▶ **Task requirements**: If pictures appear, leave them out, and return exactly the lines from the one holding "Fundus Photographs And" through the last line of the listing below.

▶ **Data records**:
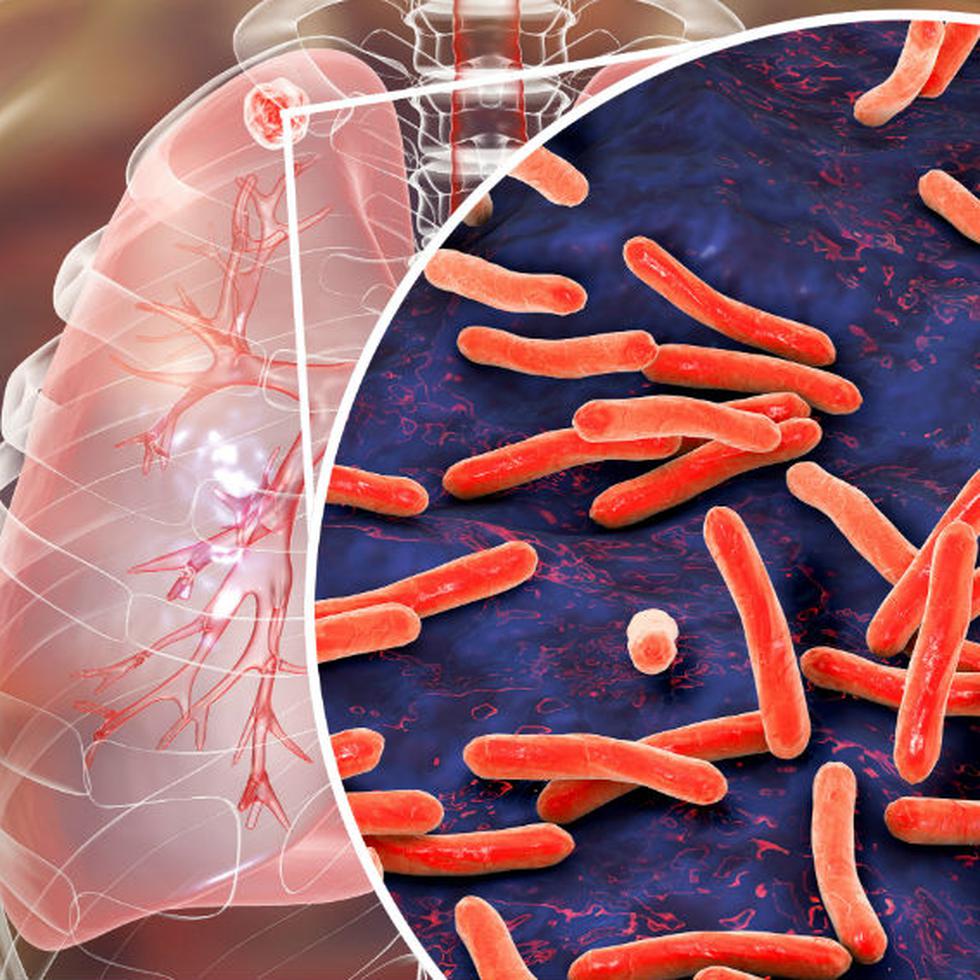 La tuberculosis activa mata cada año a unas 1.3 millones de personas en todo el mundo. (Shutterstock)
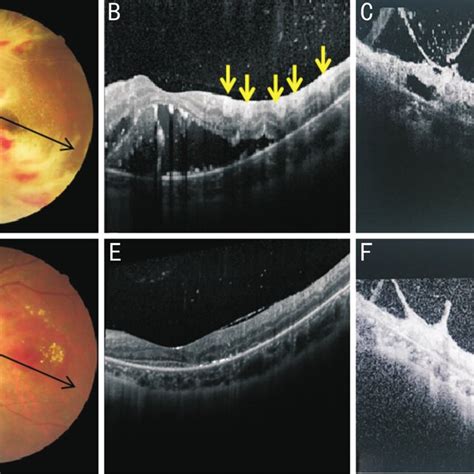 Fundus Photographs And Oct Images In Case Who Affected With Cmvr And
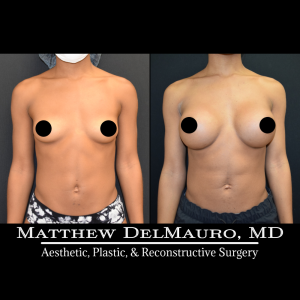 Before-After-5-Months-–-Breast-Augmentation-Silicone2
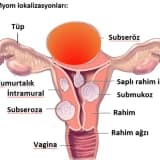 ENDOMETRİAL POLİP TEDAVİSİ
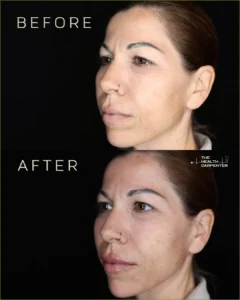 Lip filler 2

▶ **Task solution**:
 Fundus Photographs And Oct Images In Case Who Affected With Cmvr And
 Before-After-5-Months-–-Breast-Augmentation-Silicone2
 ENDOMETRİAL POLİP TEDAVİSİ
 Lip filler 2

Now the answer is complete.